The officer suspected it was a crack pipe, so he removed it and told Baker he was under arrest. Most suspects would submit in this situation, but Baker was having none of that; he took off running in an escape attempt that must have lasted a good, solid four or five seconds before the officer corralled him.

In the trial court, Baker argued plausibly that there was no probable cause for the pat-down. Those are conducted for weapons, not contraband, based on a “reasonable, individualized suspicion,” and the officer didn’t suspect that the pipe was a weapon. He explained that he always conducted pat-down searches when he stops pedestrians or bicyclists.

You will note the presence of the troubling word always in that sentence.
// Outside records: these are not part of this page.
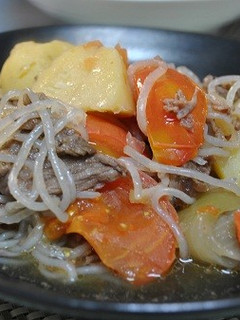 トマト入り肉じゃが-レシピのメイン写真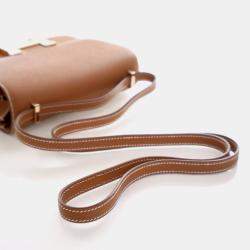 Pre Owned Hermes Gold Epsom Constance 18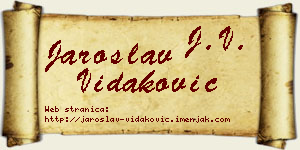 Jaroslav Vidaković vizit kartica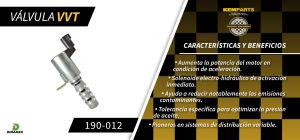 VALVULA DE CONTROL DE TIEMPO VARIABLE NISSAN MARCH 190-012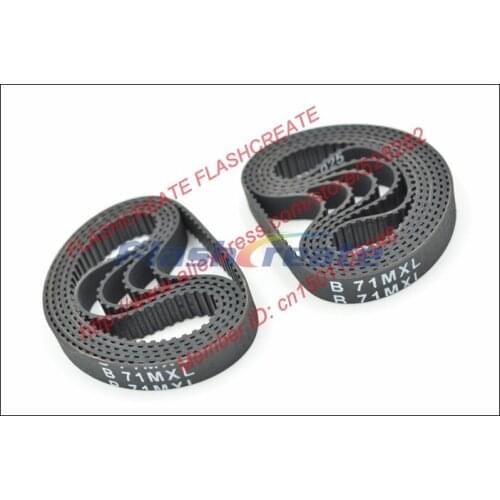 POWGE B71 MXL Synchronous Bel Teeth 71 Width 6.35mm Length 144.27mm MXL Rubber Closed-Loop Timing Belt B71-MXL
Hard-and-fast rules that everyone gets searched aren’t likely to find much love in the Fourth Amendment arena, and on appeal, the Commonwealth agreed that the officer didn’t have probable cause. It contended that the discovery of the pipe was inevitable, however, because Baker was headed downtown (well, this case arose in Chesapeake, where there really isn’t a “downtown,” but humor me) for public intoxication, and the search incident to that lawful arrest would have discovered the pipe.

This one looks like it’ll be harder for Baker to parry, but he gets an unexpected win when the panel, citing a Supreme Court of Virginia opinion that’s on all fours, rules that analysis of such an issue is premature. Baker had entered a conditional guilty plea after his motion to suppress had been denied. Based on the court’s ruling on the legitimacy of the search, he now gets to go back to the trial court and decide how to plead. That might result in a very different set of facts, and a jury might not see things the prosecution’s way. The court thus reverses and remands with direction to let Baker reevaluate the wisdom of pleading guilty – something Horace Rumpole assures us that one should never do.